LA TELEVISIÓN QUE TENEMOS O EL ENGAÑA BOBOS

La polémica surgida a finales del año pasado con motivo de la concesión al popular presentador de Tele5 don Jorge Javier Vázquez del Premio Ondas 2009 ha servido para que, por medio de un escándalo que dejaba al descubierto numerosos comportamientos hipócritas, se desviara la atención sobre lo que verdaderamente debe importar y que es la cuestión de la clase de televisión que padecen los españoles.


Desde que las televisiones privadas comenzaron a emitir en España hace ya veinte años, el mundo televisivo se ha convertido ante todo, sobre todo y por encima de todo en un negocio que, explotado con criterios mercantiles, busca el mayor de los beneficios.


El negocio de la televisión consiste en conseguir ingresos mediante el pago de la publicidad por las empresas anunciantes y responde a la simple máxima de que el coste de la publicidad en cada cadena es directamente proporcional al número de espectadores que dicha cadena es capaz de tener y de mantener. Así pues hay que buscar una programación que ocupe las veinticuatro horas de emisión televisiva a un coste razonable o más bien bajo y rápidamente amortizable que consiga, al mismo tiempo, la fidelidad del telespectador manteniéndole atentamente pegado a sus televisores particulares.


Si comparamos la programación de las televisiones privadas hace veinte años con las que ahora presentan no solo comprobaremos, que prácticamente todas tienen programas del mismo tipo a las mismas horas, sino que ha descendido notablemente la producción de series propias y la emisión de películas cinematográficas muchas de las cuales se emiten a altas horas de la madrugada, todo ello en beneficio de programas del corazón, de “Talk Shows” y sobre todo del gran descubrimiento televisivo que constituyen los “realities” tipo “Gran Hermano”, “Supervivientes” o similares.

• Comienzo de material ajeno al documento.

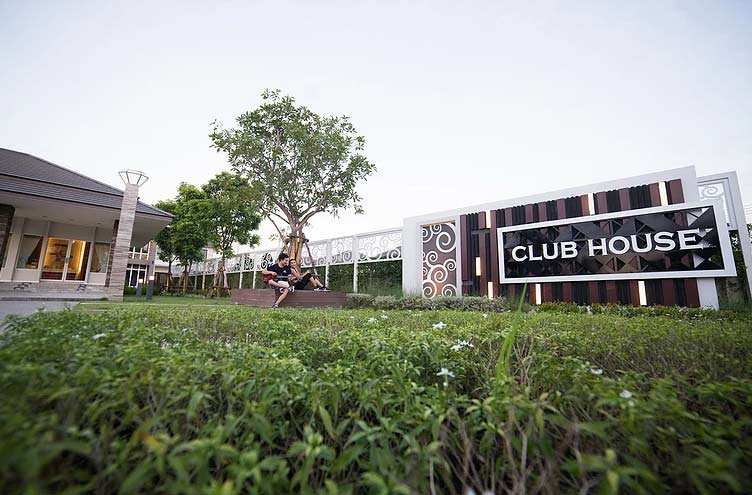 รูปภาพ ดิ ไอคอน 3 ประโดก (The icon 3 Pradok)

Los programas tipo “Gran Hermano” se han convertido en la panacea del negocio televisivo y ello porque no son muy costosos de producir al tiempo que, de un modo u otro, permiten llenar gran parte de la parrilla de la programación. Así, además del tiempo dedicado al programa en sí mismo (generalmente unas horas en un día por la noche) se dedica una hora diaria a hacer un resumen del mismo, además de alimentar a otros programas para que llenen su tiempo con comentarios sobre el mismo y entrevistas a sus protagonistas, los cuales pasan a ser asiduos del mundo televisivo desplazando a periodistas y presentadores profesionales.

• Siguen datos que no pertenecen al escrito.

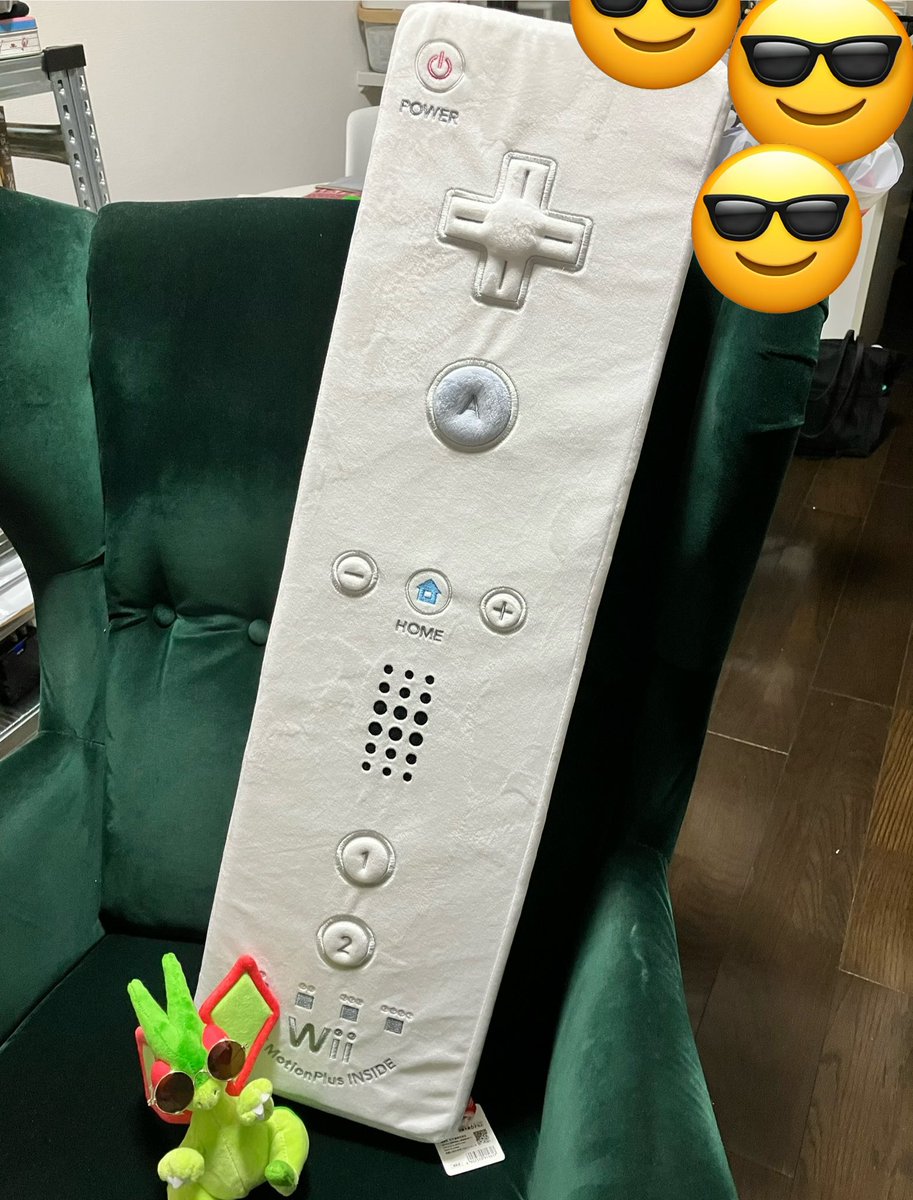 ニンテンドーミュージアムのクソデカWiiリモコンクッションはゆう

Si un ciudadano tiene la paciencia (y también el estómago) para ver la televisión durante una semana seguida podrá comprobar como, directa o indirectamente, los “realities” acaparan la parrilla de la programación de las cadenas privadas y de este modo se consigue llenar el tiempo de emisión financiando simplemente cuatro o cinco programas, lo que hace que lo ofrecido a los telespectadores carezca de variedad creando una sociedad homogénea de pensamiento lineal.


Se podrá argumentar en descargo de las cadenas que este tipo de programas son los que el telespectador desea ver, pero no obstante lo cierto es que el telespectador no tiene opción a la hora de elegir porque si no desea ver el “realitie” o el programa del corazón de Tele5 solo puede optar por otros programas del mismo contenido que se emiten en otras cadenas a la misma hora. En realidad, los directivos de estos grandes medios de comunicación que son las cadenas televisivas desplazan a los televidentes la responsabilidad de la baja calidad de la programación ignorando que son ellos los que forjan la opinión, crean los intereses y fomentan los gustos de la población.

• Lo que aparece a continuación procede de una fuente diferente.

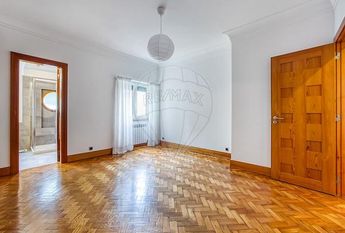 Apartamento T3 em Lisboa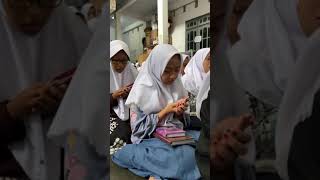 Download lagu SHOLAWAT FADHOILIL QURAN KARYA KH AHSIN SAKHO mp3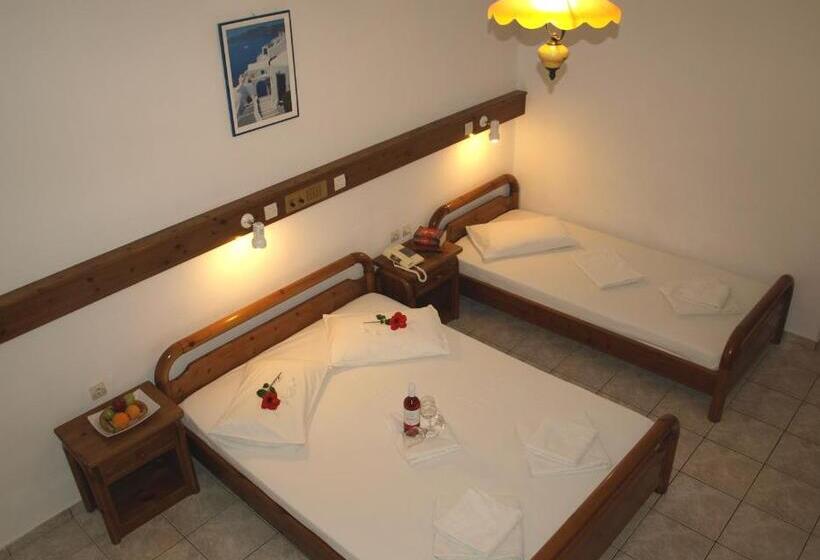 Chambre Triple Standard Vue Piscine, Levante Beach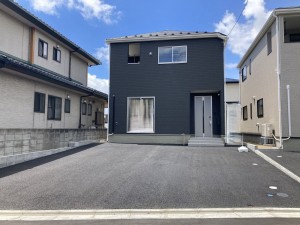 秋田市茨島、新築一戸建ての外観画像です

Los ciudadanos españoles no tienen la televisión que se merecen, ni siquiera la que desean, sino que por el contrario son las televisiones las que cincelan y esculpen a los televidentes a su “imagen y semejanza” a fin de que deseen y soliciten lo que las mismas les ofrecen permitiéndoles tener el mayor índice de audiencia con el mínimo coste económico posible. Y en eso precisamente consiste el engañabobos: en conseguir que se acepte sin crítica alguna e incluso con entusiasmo por parte del público un producto de tan baja calidad.